# 2.1 Part-of-Speech (PoS) tags

In [1]:
import nltk
from collections import defaultdict
from collections import Counter
from nltk.corpus.reader import TaggedCorpusReader

train = TaggedCorpusReader(root="resources", fileids="BAWE_train.retagged.txt")
test  = TaggedCorpusReader(root="resources", fileids="BAWE_test.retagged.txt")

tagged_words_train = train.tagged_words()

## Question 1: Most frequent tags
Based on the tagged training corpus, provide the top 3 most frequent tags. You should format your answer in a python dictionary, where the keys are the tags and the values are their corresponding counts (e.g. `{'NN': 10, 'JJ':10}`). For the tags, you should use the taxonomy that is used in the training corpus. For instance `'NN'` stands for a noun, `'JJ'` stands for an adjective, etc.
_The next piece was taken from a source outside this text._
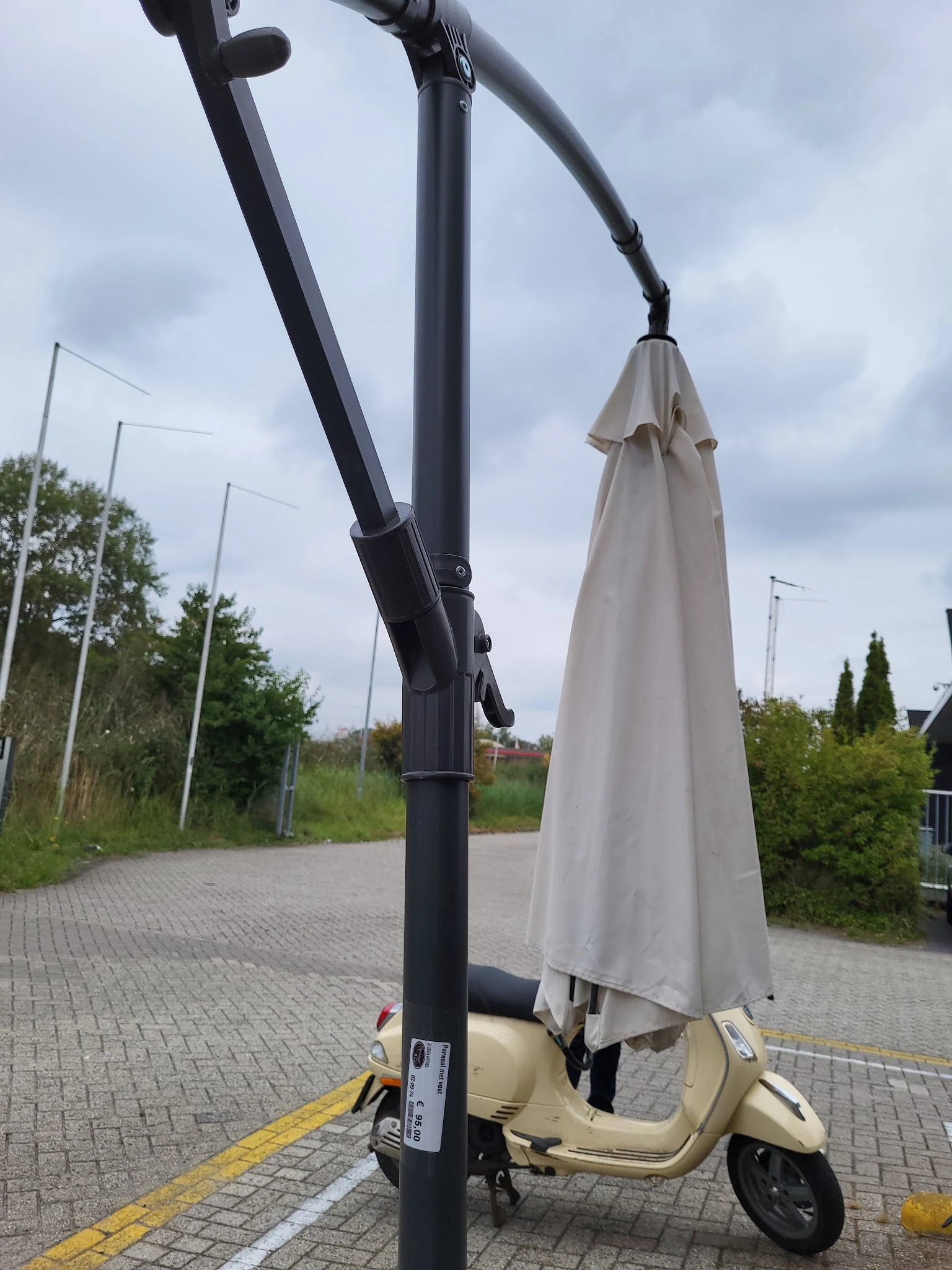 Zwarte parasol met beige parasoluiting op een voetpad buiten een winkel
You can refer to the NLTK documentation to check the meaning of each tag.

In [2]:
freq = nltk.FreqDist([x for (_, x) in tagged_words_train])
print({x: y for (x, y) in freq.most_common(3)})
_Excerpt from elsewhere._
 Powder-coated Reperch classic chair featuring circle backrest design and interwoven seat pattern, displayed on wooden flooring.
{'NN': 906007, 'IN': 634158, 'DT': 538613}


## Question 2: Most frequent POS before nouns
Nouns generally refer to people, places, things, or concepts. They usually appear after determiners and adjectives and they are often followed by a verb.

Analyze the training corpus to provide a dictionary of 3 POS tags that occur the most often before a common singular noun (NN). The keys of your dictionary should correspond to some POStags and the values should be the relative frequencies of occurrence (among all tokens appearing before a NN in the training corpus). The frequencies should be given with at least two significant digits.

In [3]:
d = defaultdict(int)
for i in range(len(tagged_words_train) - 1):
    if tagged_words_train[i + 1][1] == 'NN':
        d[tagged_words_train[i][1]] += 1

c = Counter(d)
print({x: y/(sum(d.values())) for (x, y) in c.most_common(3)})
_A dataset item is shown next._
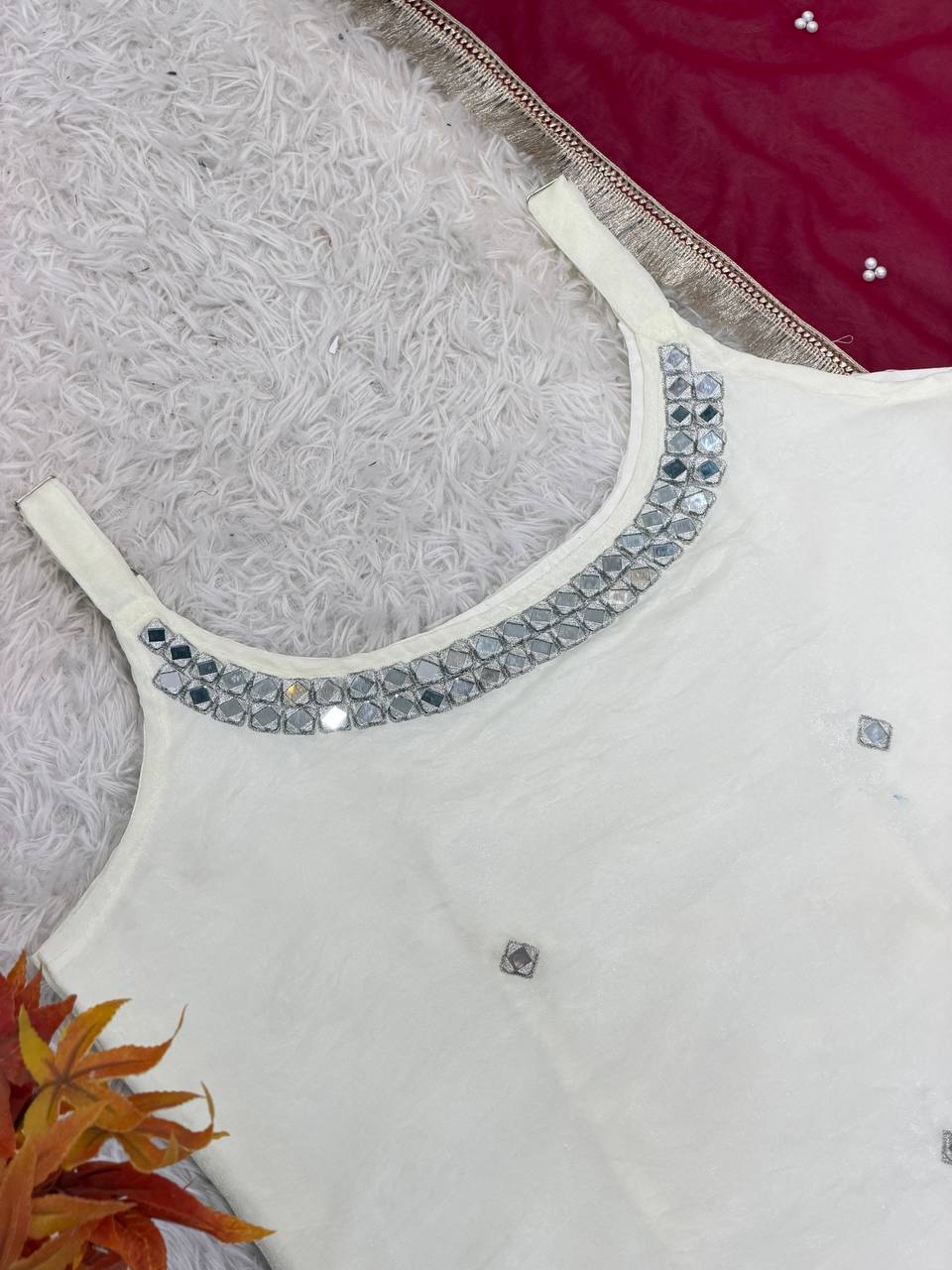 Designer Sleeveless Lehenga with Mirror Work & Embroidered Georgette Flair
{'DT': 0.2898840737433596, 'JJ': 0.20038035026219445, 'IN': 0.12694383155980032}


## Question 3: Most common verbs
Analyze the training corpus to determine which are the 3 most frequent verbs in the corpus? Provide your answer as a dictionary where each key is some verb occurrence and the associated value is its relative frequency (among the verbs). You should consider here all possible verb forms ([various possible POStags](https://inginious.info.ucl.ac.be/course/LINGI2263/project2a/TAGSET.png)). The frequencies should be given with at least two significant digits.

In [4]:
verbs = [x for (x, y) in tagged_words_train if y[:2] == 'VB']
verb_freqs = nltk.FreqDist(verbs)
print({x: y/len(verbs) for (x, y) in verb_freqs.most_common(3)})

{'<UNK>': 0.1474337683519249, 'is': 0.10494317215232941, 'be': 0.05552495213715372}